THE TASK: Output the records that follow, keeping every line exactly as it is.

──────── SOURCE DATA

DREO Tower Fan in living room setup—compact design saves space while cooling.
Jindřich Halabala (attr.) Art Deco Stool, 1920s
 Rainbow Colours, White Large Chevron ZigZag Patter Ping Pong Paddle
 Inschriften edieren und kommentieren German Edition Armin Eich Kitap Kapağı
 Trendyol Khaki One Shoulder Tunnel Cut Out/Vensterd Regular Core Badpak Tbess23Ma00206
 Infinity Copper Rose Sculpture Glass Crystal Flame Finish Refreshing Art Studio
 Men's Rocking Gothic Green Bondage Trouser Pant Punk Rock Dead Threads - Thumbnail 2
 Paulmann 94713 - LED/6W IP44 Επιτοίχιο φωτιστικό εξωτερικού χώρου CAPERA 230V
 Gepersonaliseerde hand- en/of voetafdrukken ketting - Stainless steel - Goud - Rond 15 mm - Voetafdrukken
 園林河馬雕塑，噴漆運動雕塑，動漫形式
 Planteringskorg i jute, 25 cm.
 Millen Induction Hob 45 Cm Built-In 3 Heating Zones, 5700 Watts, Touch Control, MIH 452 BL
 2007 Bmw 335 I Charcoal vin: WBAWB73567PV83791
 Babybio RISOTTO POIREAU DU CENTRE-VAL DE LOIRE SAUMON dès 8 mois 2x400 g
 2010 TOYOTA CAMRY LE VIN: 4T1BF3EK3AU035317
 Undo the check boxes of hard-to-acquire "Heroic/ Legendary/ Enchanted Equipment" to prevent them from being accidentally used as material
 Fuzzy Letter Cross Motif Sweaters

────────────────

OUTPUT BELOW:
DREO Tower Fan in living room setup—compact design saves space while cooling.
Jindřich Halabala (attr.) Art Deco Stool, 1920s
 Rainbow Colours, White Large Chevron ZigZag Patter Ping Pong Paddle
 Inschriften edieren und kommentieren German Edition Armin Eich Kitap Kapağı
 Trendyol Khaki One Shoulder Tunnel Cut Out/Vensterd Regular Core Badpak Tbess23Ma00206
 Infinity Copper Rose Sculpture Glass Crystal Flame Finish Refreshing Art Studio
 Men's Rocking Gothic Green Bondage Trouser Pant Punk Rock Dead Threads - Thumbnail 2
 Paulmann 94713 - LED/6W IP44 Επιτοίχιο φωτιστικό εξωτερικού χώρου CAPERA 230V
 Gepersonaliseerde hand- en/of voetafdrukken ketting - Stainless steel - Goud - Rond 15 mm - Voetafdrukken
 園林河馬雕塑，噴漆運動雕塑，動漫形式
 Planteringskorg i jute, 25 cm.
 Millen Induction Hob 45 Cm Built-In 3 Heating Zones, 5700 Watts, Touch Control, MIH 452 BL
 2007 Bmw 335 I Charcoal vin: WBAWB73567PV83791
 Babybio RISOTTO POIREAU DU CENTRE-VAL DE LOIRE SAUMON dès 8 mois 2x400 g
 2010 TOYOTA CAMRY LE VIN: 4T1BF3EK3AU035317
 Undo the check boxes of hard-to-acquire "Heroic/ Legendary/ Enchanted Equipment" to prevent them from being accidentally used as material
 Fuzzy Letter Cross Motif Sweaters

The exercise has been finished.